Po wyjściu Marka zadzwonił telefon Adama.
- dobrze, zaraz będe – zakończył rozmowę Zawada – muszę jechać do Patologa. Ma coś ważnego .
- dobra, miłych odwiedzin – Paweł – a ja się biorę do roboty bo mnie Mikołaj pogoni.
- ja też – westchnęła Basia siadając przy biurku.
Zawada wsiadł do swojego fiata i z piskiem opon odjechał z parkingu Komendy. Wyjątkowo na ulicach Warszawy nie było korków i szybko dojechał do Zakładu Medycyny Sądowej.

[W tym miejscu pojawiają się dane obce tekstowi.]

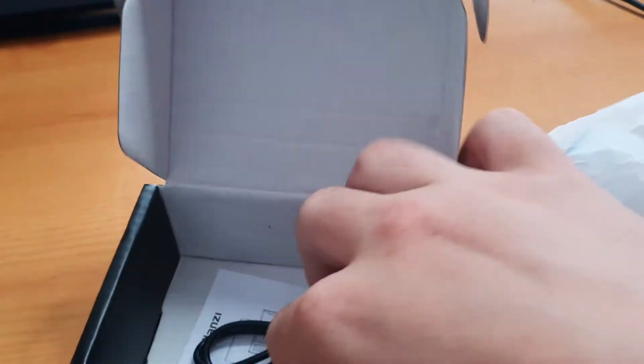This wouldn't be a full review if I didn't show you the unboxing as well. When you get the light, it'll come in a white plastic covering. You will also get a USB-C charger and the instructions. That's it, plain and simple.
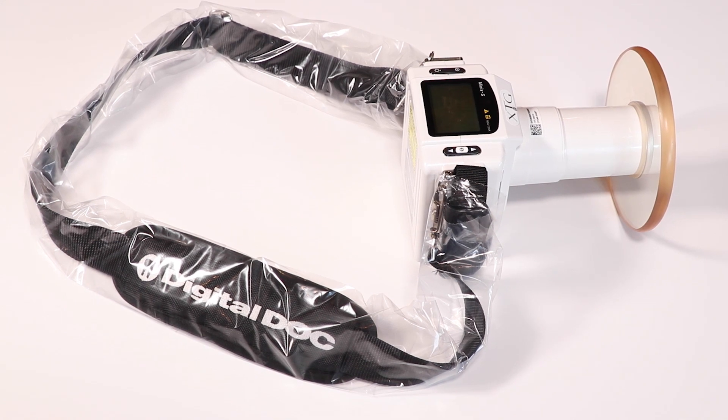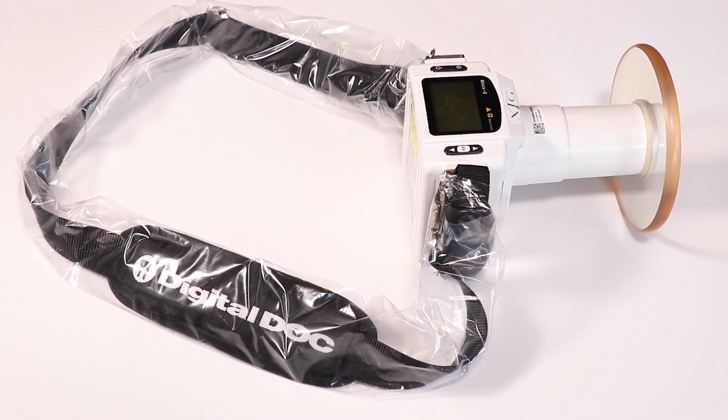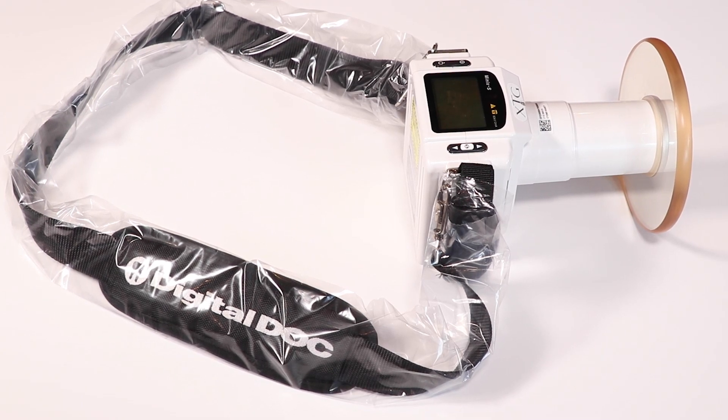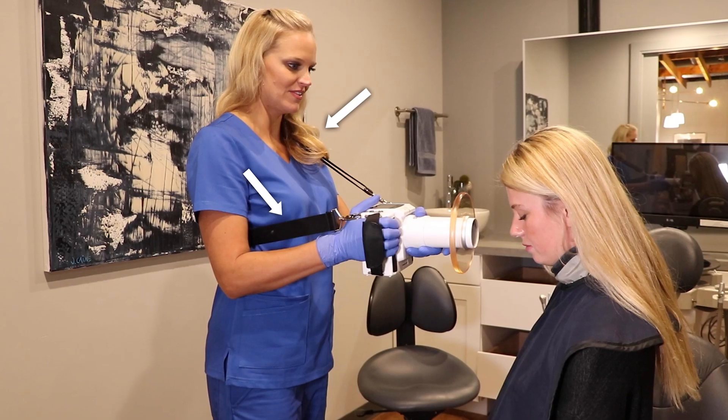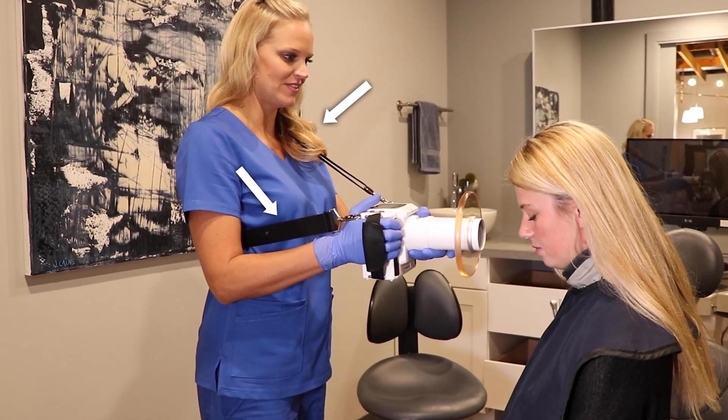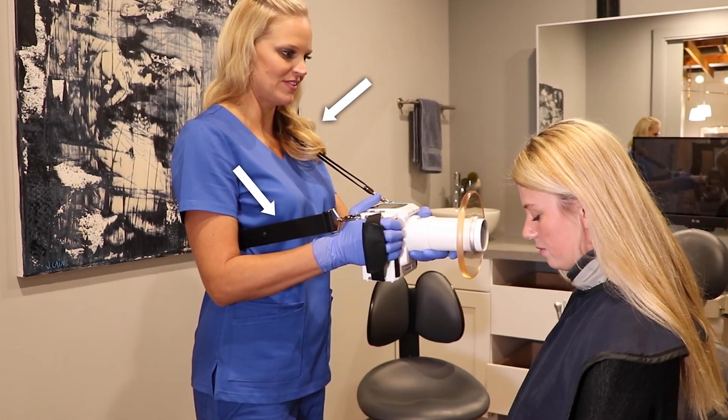The shoulder strap allows the operator to take an x-ray and adjust the sensor without putting the x-ray down, saving you time. The unit, when worn cross shoulder, distributes the weight throughout your back, making it lightweight and reducing operator fatigue.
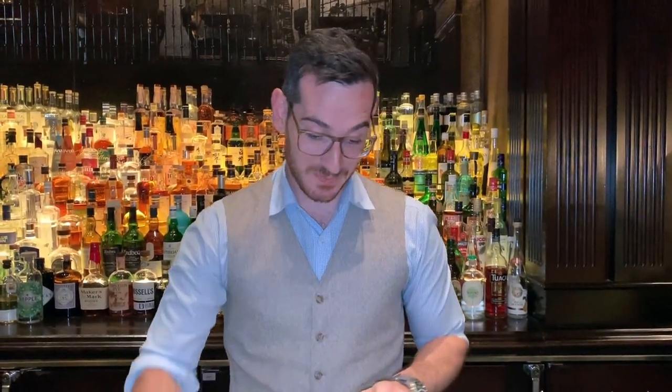Hello, cocktail connoisseur. My name is Pietro Quilina. I'm the bar director at Nomad New York, and we're going to be making a Diplomat cocktail, coming from Robert Veneer's book in 1922. This cocktail is basically a low ABV martini variation based off of vermouth.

Po kilku minutach wszedł do chłodnego pomieszczenia i zastał Patologa pijącego kawę .
- cześć, co takiego ważnego znalazłeś , że nie mogło czekać do jutra ? – zapytał Adam
- jak się dowiesz to mi podziękujesz – odpowiedział Patolog- przyczyną śmierci nie był ogień. Facet nie zył już gdy samochód spłonął .
- jesteś tego pewny ?
- tak. Wyciągnąłem z niego 2 kulki – dodał zadowolony Patolog i napił się znów kawy.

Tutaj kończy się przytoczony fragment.